At the same time, hundreds of university professors, lecturers and researchers staged a protest in front of the House, where lawmakers were voting on the controversial reform bill.
There were moments of tension when groups of students wearing dark glasses and scarves to hide their faces tried to break through police ranks and join the protests before the House.
Some 50 succeeded in reaching the parliamentary square where they began shouting slogans against Premier Silvio Berlusconi and Education Minister Letizia Moratti and threw two smoke bombs at the building. At one point, dozens of opposition lawmakers intervened to mediate, placing themselves between crowd control police and the students. One Green MP told reporters that "it would be all too convenient (for the government) if this protest turned into a public order problem."
Italian universities are in uproar over the reform bill, which they say will undermine the quality of public university education and increase job precariousness. Researchers in particular are alarmed, saying that it will increase rather than stem the tide of Italians forced to pursue their research studies abroad. Under the reforms, PhD graduates interested in continuing research will be offered five-year contracts with universities which can then be renewed for another five years.
After that, they will be entitled to compete for posts as professors, with universities being able to take their pick from the exam winners who would then be offered a three-year contract. This contract would be renewable for another three years, after which universities would have to decide whether to offer the temporary professors a permanent post.
Critics argue that researchers would face up to 16 years on precarious contracts with no guarantees of a job at the end of it since universities could decide to save money by relying on temporary professors and researchers only. The average researcher's salary is little more than 1,100 euros a month and there is little prospect of this improving in the near future.
This could also increase the number of those with temporary positions having to resort to other work to get by, critics say, given that the reform allows professors to do other paid activities. There is also the risk that university teaching will be turned into a secondary job for professionals with outside careers, critics say, since the bill includes plans to open temporary professorships and research posts to members of outside businesses or institutes.

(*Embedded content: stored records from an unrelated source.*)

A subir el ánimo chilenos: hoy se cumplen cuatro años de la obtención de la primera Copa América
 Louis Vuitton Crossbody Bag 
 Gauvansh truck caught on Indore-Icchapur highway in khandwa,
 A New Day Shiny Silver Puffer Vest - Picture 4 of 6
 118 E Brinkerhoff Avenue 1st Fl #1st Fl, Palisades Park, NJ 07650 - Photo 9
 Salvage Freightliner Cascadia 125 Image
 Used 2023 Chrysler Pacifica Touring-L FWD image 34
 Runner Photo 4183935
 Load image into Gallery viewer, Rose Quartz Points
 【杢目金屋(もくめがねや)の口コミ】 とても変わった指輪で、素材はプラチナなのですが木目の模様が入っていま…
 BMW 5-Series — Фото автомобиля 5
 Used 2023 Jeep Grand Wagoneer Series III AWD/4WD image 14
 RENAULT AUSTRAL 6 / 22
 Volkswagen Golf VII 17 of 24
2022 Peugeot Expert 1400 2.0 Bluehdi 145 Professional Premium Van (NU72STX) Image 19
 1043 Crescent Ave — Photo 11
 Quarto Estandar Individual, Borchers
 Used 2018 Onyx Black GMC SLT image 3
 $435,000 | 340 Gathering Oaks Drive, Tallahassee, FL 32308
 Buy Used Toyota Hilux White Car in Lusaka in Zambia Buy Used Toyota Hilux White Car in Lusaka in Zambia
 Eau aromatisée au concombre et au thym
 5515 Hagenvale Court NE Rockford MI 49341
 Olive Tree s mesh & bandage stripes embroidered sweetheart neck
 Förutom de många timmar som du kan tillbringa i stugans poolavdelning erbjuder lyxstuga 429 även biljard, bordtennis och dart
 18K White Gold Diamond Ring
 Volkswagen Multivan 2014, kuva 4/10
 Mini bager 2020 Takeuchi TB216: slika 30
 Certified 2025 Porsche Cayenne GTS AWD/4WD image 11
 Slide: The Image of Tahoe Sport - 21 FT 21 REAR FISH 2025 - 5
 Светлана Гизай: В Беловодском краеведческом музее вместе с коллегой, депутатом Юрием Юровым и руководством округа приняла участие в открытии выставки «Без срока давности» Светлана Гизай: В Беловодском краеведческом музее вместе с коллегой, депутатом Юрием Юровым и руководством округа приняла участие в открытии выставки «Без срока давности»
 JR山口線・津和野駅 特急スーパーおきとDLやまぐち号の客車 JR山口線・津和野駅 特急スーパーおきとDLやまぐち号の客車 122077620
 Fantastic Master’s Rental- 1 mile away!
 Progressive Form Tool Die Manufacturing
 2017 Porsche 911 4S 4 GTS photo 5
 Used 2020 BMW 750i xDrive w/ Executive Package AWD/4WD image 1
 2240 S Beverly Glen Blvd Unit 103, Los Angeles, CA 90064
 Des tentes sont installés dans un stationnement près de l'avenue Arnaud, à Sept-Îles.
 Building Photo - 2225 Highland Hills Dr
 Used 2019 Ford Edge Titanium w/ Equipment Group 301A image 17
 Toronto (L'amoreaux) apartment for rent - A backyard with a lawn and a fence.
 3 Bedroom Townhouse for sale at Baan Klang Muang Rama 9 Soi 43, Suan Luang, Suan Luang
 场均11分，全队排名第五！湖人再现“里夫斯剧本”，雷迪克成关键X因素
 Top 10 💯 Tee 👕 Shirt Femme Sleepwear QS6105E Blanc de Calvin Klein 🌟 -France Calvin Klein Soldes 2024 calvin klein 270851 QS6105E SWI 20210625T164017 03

The private sector will also be encouraged to invest in the university system, which is currently funded by public money. Moratti has firmly defended her reforms, saying they will create a more flexible, modern and meritocratic system. She argues that university hiring systems will be made more transparent, with national exams replacing exams held by individual universities.
The introduction of research posts based on temporary contracts will increase the number of reasearchers in the university system and provide them with ample opportunities for a full-time job, she says. But the leader of Italy's researchers' association, Marco Merafina, said on Tuesday that the law was "scandalous" and would "ruin the university system".
Meanwhile, the union of university students (UDU) said the bill contained no measures to improve the situation of degree students. It said there were no funds for student grants or increasing public housing for students to enable them to leave home to study if necessary. The union also protested that the government's 2006 budget contained further cuts to public spending on the university system.
"They are trying to create a system in which only those people who can afford to take a degree will be able to do so," it said.